Resulta que hace unos días compré un jabón Yardley de English Lavender. Siempre me ha gustado como huele y estoy segura de que es porque así olía ese pequeño rincón del que les hablo. Si uno entraba por el cuarto de mi abuela, primero se topaba con el lavamanos, que era de pedestal y encima el espejo/botiquín. Justo en el centro, la regadera con una puerta de vidrio tallado con alguna figura mítica. En el cuarto original de mis abuelos en el primer piso la figura era una sirena, pero ésta, me matan y no recuerdo de qué era el grabado.
Justo enfrente de la regadera un pequeño clóset en el que se guardaban las toallas de color caqui bordadas con iniciales verde botella, las cajas de jabón Yardley, que tenían la figura de una violetera de algún siglo pasado y adentro tres jabones envueltos en una especie de papel crespón y con un cintillo de papel con su medallón en el centro. Estaba además la latita de metal con boquilla plástica de cuyos huequitos salía el polvo con la misma fragancia, el cual con una gran mota se dispersaba por el cuerpo–y todo el piso del baño–. Por último, el escusado justo antes de la puerta que pasaba al otro cuarto.
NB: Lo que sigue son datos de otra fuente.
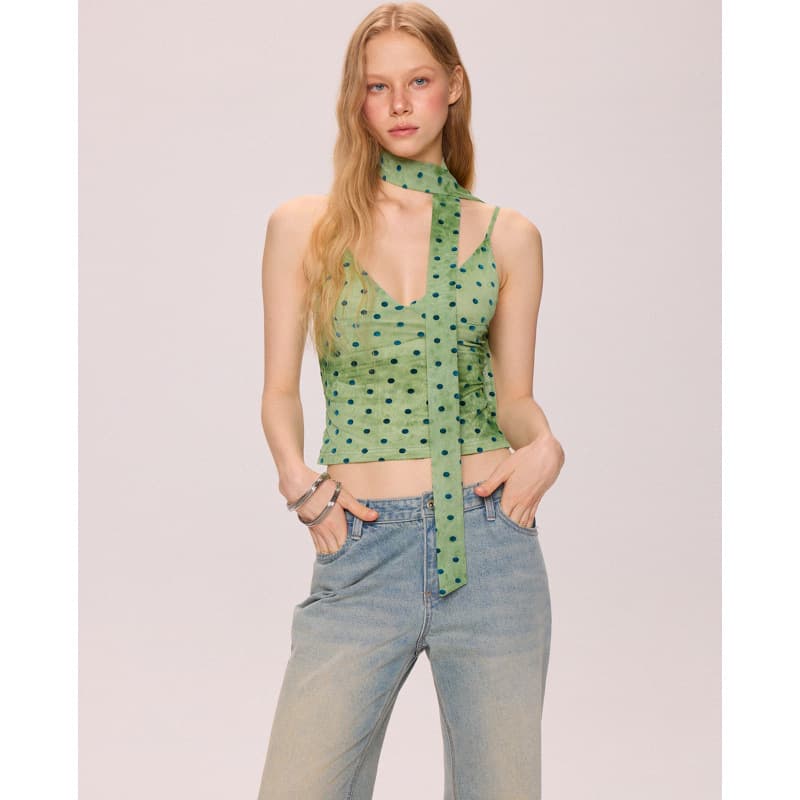 In Stock Green Polka Dot V-Neck Backless Ribbon Design Camisole Top for Women, Layering or Outerwear, Trendy Sleeveless Blouse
Todo este cuento para comentarles que el jabón que compré recientemente, si bien mantiene su aroma original, ahora ha cambiado un poco de forma y totalmente de color. Yo lo recuerdo de un color verdoso oscuro, casi chocolate. Como entre las barras de Heno de Pravia y Maja de Myrurgia. Ahora es cremita tirando a amarillo. Me enredé. Y ya que andaba por aquellos recuerdos olorosos se apareció la lata de polvo My Fair Lady de Cussons con la doñita con abrigo de piel. ¿Qué les puedo decir? Así me funciona la cabeza.